Y. E. Reuther. Chef Comptable.
J’appelai Reuther pour le remercier et lui dire que j’avais les renseignements qui m’intéressaient. Mon projet initial, qui consistait à assigner mon avoir à la petite Ricky Gentry, avait donc manqué son but. Pour le moment il ne m’intéressait pas de retrouver la trace de ceux qui s’en étaient emparés ; j’avais la certitude que c’était soit Belle, soit des gens agissant pour elle. A cette époque elle projetait sans doute déjà de filouter Miles. A quoi bon la confronter avec ces histoires passées ? Le stock avait disparu et Belle était à sec.
Apparemment, elle s’était trouvée à court au moment de la mort de Miles et avait vendu une petite part des actions. Ce qui avait pu arriver à ces actions ne m’intéressait pas du moment qu’elles étaient sorties des mains de Belle. J’avais oublié de demander à Reuther de faire les mêmes recherches au sujet de la part de Miles… peut-être ces recherches me mèneraient-elles à Ricky bien qu’elle ne détînt pas la part en question. Mais la journée de vendredi était déjà avancée, je demanderais ce renseignement lundi.
Je voulais, à présent, ouvrir la grosse enveloppe, car j’avais vu l’adresse de l’expéditeur.
J’avais, début mars, écrit au Bureau des Brevets, au sujet des Brevets d’origine du Robot U 1 et de la machine à dessiner Aladin.
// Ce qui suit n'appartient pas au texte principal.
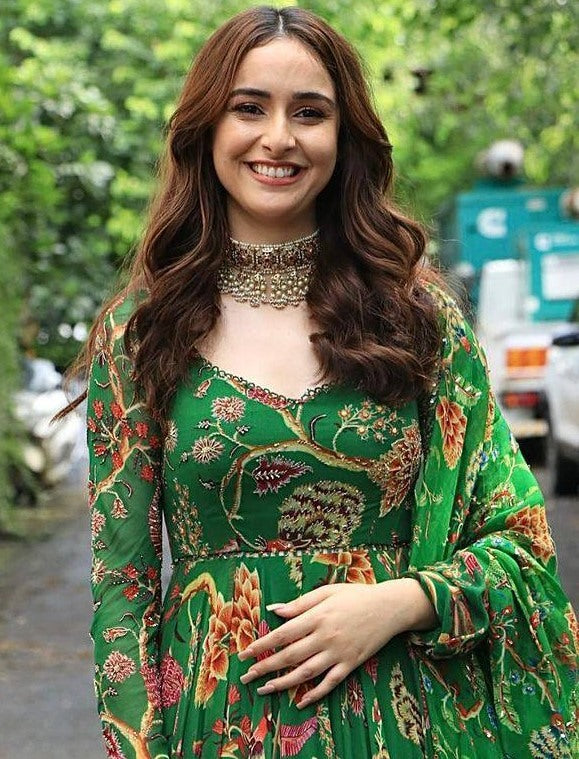 Green butter silk floral printed party wear long anarkali suit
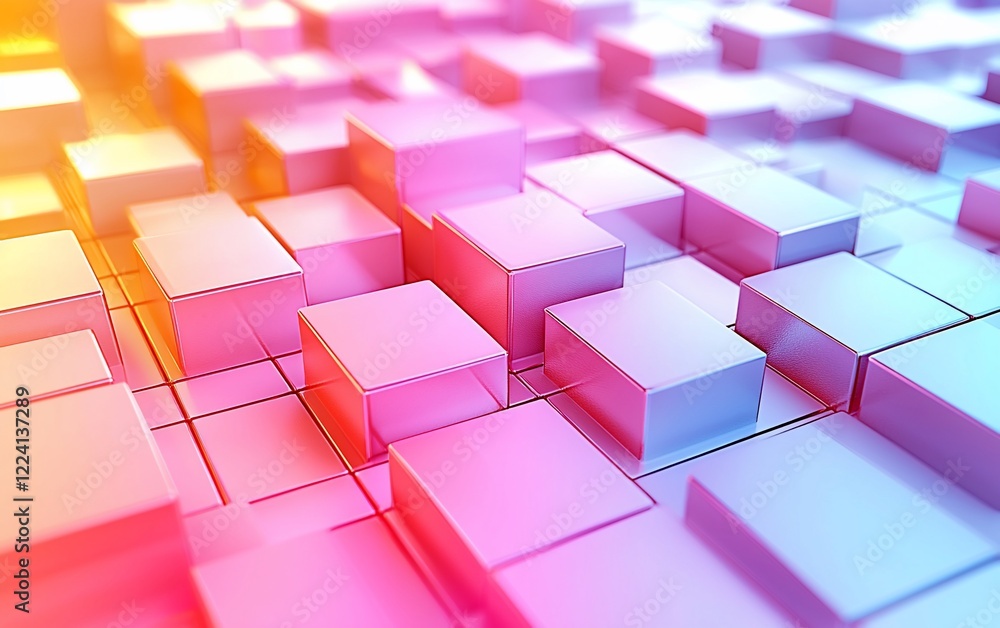 Poster abstract colorful 3d cubes background.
Ma première conviction que le robot en question pût dériver de mon propre Robot-à-tout-faire avait été ébranlée par mon expérience avec la machine à dessiner. Il me paraissait plausible que le génie ayant conçu un travail si proche du mien, au point de me troubler, ait pu se trouver une deuxième fois dans une situation analogue pour le Robot U 1. Cette théorie se trouva confirmée par le fait que les deux brevets dataient de la même année et avaient été détenus à l’époque par Aladin.
Il me fallait cependant savoir. Si cet inventeur était encore en vie, il me fallait le rencontrer. Il pourrait me renseigner sur quelques points précis.